The first thing to understand is this is the name of a program. It’s not a few lines added to the company’s existing safety program. It does, however, integrate with that program. NFPA 70 defines it as, “A documented system consisting of electrical principles, policies, procedures, and processes, that directs activities appropriate for the risk associated with electrical hazards.”
Informative Annex E, Electrical Safety Program, provides additional insight. It briefly outlines the principles [E.1], controls [E.2], and procedures [E.3] — but that’s not the whole story. If you turn to Chapter 1 of NFPA 70E, you find:
- Article 105. Employer responsibilities and employee responsibilities.
- Article 110. General requirements (a good guide for developing your electrical safety program)
- Article 120. How to make it “not hot.”
- Article 130. How to work it hot.
But that’s still not the whole story. Chapter 2 covers the safety-related maintenance requirements. This part is often overlooked, but it’s crucial. If there is any sign that equipment is not properly maintained, you must assume it is hazardous until methodically proven otherwise. Which means applying the tedious and extensive requirements of Art. 130. Just as an example, a panel cover with a missing bolt is a maintenance defect. If you see that, you must assume there are other maintenance defects.

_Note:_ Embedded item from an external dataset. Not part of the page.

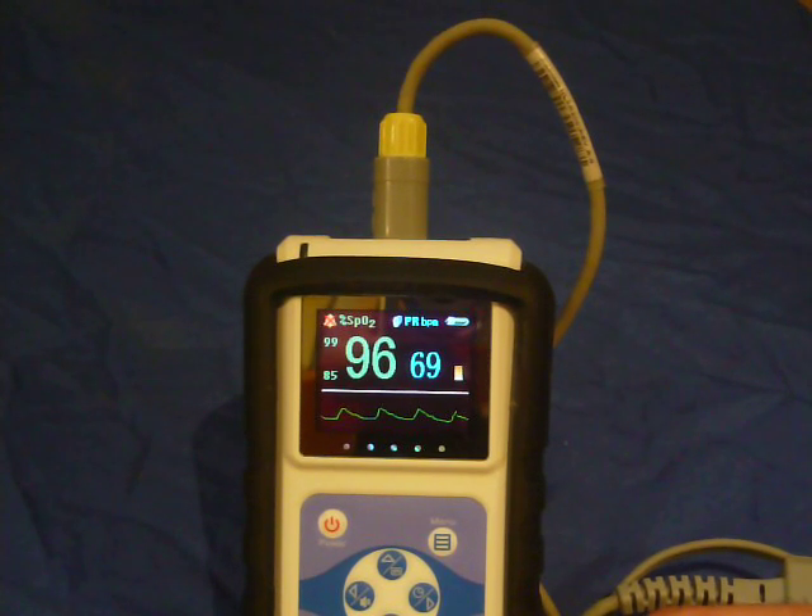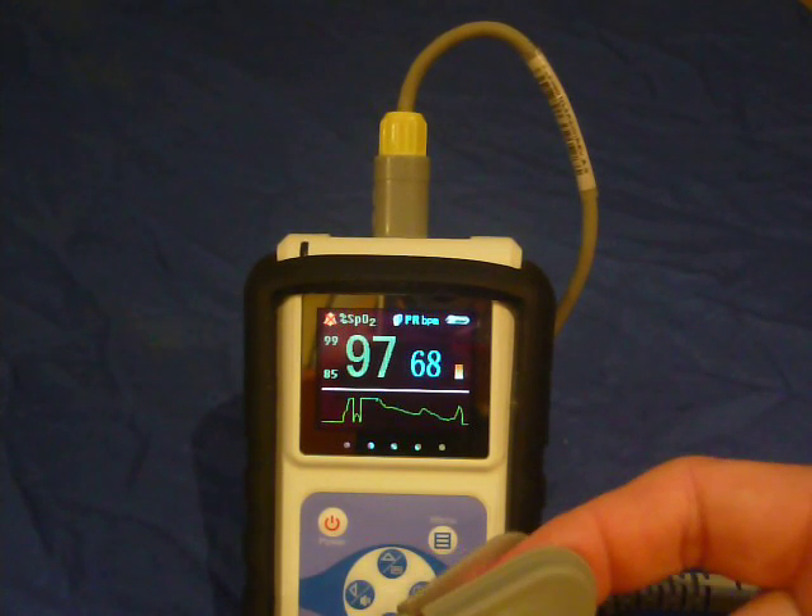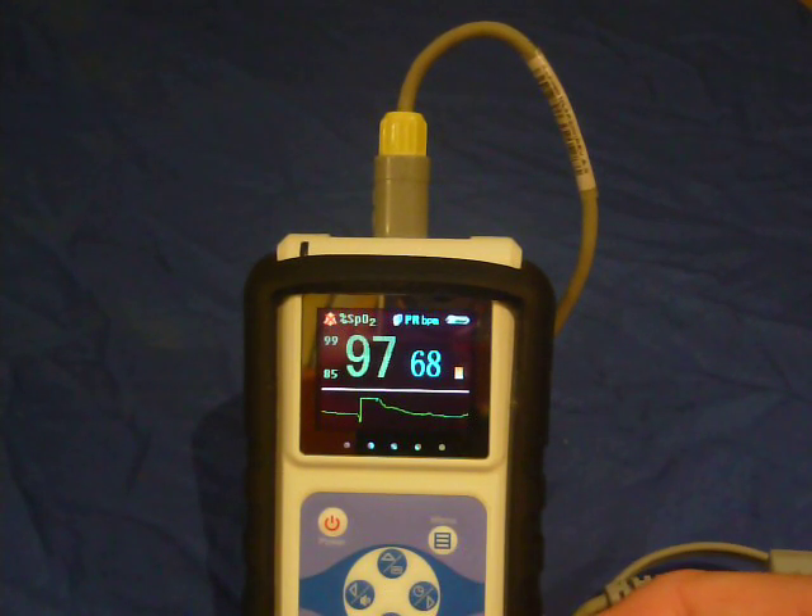Here is the best-selling Vetsense P02 veterinary pulse oximeter. There are 60 units around Australia, mostly in Queensland, thanks to ZebraVet who did a great job as distributors.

Then Chapter 3 covers the safety requirements for special equipment. Among these are batteries and capacitors, both of which the typical industrial/commercial electrician is likely to encounter. UPS systems with rack-mounted batteries are fairly ubiquitous, and power factor correction capacitors are commonly installed at the service entrance to avoid the utility’s power factor penalty. In plants where power factor is actually understood, power factor capacitors or power factor corrected variable speed drives are installed at large motors.
So we can see the term “electrical safety program” means much more than a glossary entry can convey — and that’s still not the end of the story. It’s a reality that test equipment does not have an easy life. It gets dropped, exposed to overvoltages, and variously used and abused. While it’s designed to be amazingly tough, there are limits to what it can take.

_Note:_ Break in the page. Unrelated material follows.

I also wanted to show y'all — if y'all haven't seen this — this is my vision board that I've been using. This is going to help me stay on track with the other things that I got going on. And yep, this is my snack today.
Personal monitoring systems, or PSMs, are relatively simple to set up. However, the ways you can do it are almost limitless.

In power generating stations and large industrial facilities, there is yet another aspect to the electrical safety program. It’s the metrology lab, the place where test equipment is inspected and maintained. This lab also sends test equipment out for calibration and recertification. A smaller maintenance operation or other smaller concern can’t support its own in-house metrology lab, but it can outsource to a third party that has its own such lab or at least send suspect equipment to the manufacturer for assessment and reconditioning.
Now you have an overview of the whole story. If you see a big gap between this story and what you have for an electrical safety program, how do you close that? You could hire someone to work inhouse as your electrical safety program manager. Or you could outsource to a firm that specializes in this. If the gap isn’t very big, you can find templates available for you to DIY it, but think first about how you’ve gone behind DIY electrical work done by a friend or neighbor. If you are not a qualified person, electrical safety is a poor choice for learning by trial and error.